Yes, it seemed that the Minister for Fairytales had successfully diverted everyone’s attention away from Clones by (a) designating the River Finn as the Ulster Canal, which would lead to a scout camp at the spiritual home of Ulster Unionism rather than to Clones, and (b) supporting a greenway walking route to take care of the handsacrosstheborder bit (although ministers from up there seemed to be scarce at the launch. I suppose they’re scarce anyway).

The greenway seems like a better idea to me, given that it’s significantly cheaper than canal restoration and likely to attract far more users, although I wasn’t impressed by the economic assessment in Waterways Ireland’s Ulster Canal Greenway draft strategy document from April 2017 [PDF]. Here is the assessment in full:

6.2 Economic Assessment
Ultimately, the cost of developing a route will play a part in the decision-making process. It may be technically possible to overcome an obstacle, but the cost might make it unfeasible and a longer route chosen. All factors in the Greenway Strategy will be assessed and the most sustainable routes chosen.

That seems to suggest that the costs and benefits of the plan have been thought through with as much care and attention as Her Majesty’s Government over the way has given to Brexit. Which, I imagine, will put paid to much handsacrosstheborderism anyway; I hope it doesn’t put paid to Waterways Ireland as well, although it’s bound to increase the difficulties under which that body labours.

But revenons à nos moutons. Just when we thought it was safe to go out, the dead arose. Sinn Féin MEP Matt Carthy said

Clones needs the Ulster Canal if it’s to have a viable tourism future.

Also from the report of the meeting:

A presentation at the meeting revealed that over 50 percent of buildings in Fermanagh Street in Clones are derelict.

Frustration at the lack of progress with the Ulster Canal was voiced, with representatives stating that it was on the agenda in 1999 and is still on it now.

Perhaps Clones has not got the message: the Ulster Canal is off the agenda. But there is a more fundamental problem: [some] small rural towns are dying because there is no longer any economic need for them. The scale of things has changed since the late nineteenth century; consumers can travel to Aldi and Lidl in larger towns; local markets and fairs are no longer how business is done.
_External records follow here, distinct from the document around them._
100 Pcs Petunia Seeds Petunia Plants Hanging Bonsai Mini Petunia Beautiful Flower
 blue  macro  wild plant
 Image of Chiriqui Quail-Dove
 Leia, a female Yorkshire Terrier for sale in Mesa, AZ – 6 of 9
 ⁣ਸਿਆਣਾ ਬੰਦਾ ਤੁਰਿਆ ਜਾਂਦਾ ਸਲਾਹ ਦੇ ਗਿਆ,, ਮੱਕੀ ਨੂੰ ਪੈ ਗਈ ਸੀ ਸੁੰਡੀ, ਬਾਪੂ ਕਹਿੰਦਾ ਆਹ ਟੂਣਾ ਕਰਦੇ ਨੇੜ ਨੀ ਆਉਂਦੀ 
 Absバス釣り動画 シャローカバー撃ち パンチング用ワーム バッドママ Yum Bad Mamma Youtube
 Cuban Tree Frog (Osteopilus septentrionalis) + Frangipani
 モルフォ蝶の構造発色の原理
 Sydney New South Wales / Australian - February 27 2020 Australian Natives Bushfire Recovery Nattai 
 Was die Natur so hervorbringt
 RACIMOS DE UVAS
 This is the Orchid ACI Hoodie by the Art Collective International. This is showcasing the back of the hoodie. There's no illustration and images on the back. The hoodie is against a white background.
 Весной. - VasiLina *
Tourism is unlikely to rescue Clones: if it could do so, why isn’t the town already a tourist destination? Why aren’t its attractions well known throughout Germany and wherever else tourists come from? Enabling tourists to visit by water is not going to attract significant numbers from abroad: there are more scenic and interesting waterways elsewhere, in Ireland and on the continent. There would be a very poor return on the millions that a canal to Clones would cost — not helped by proposals for significant overpayment for land.

I still don’t understand why Sinn Féin is so keen on canals generally and the Clones Sheugh in particular. But Clones might find a new economic role as a post-Brexit smuggling centre.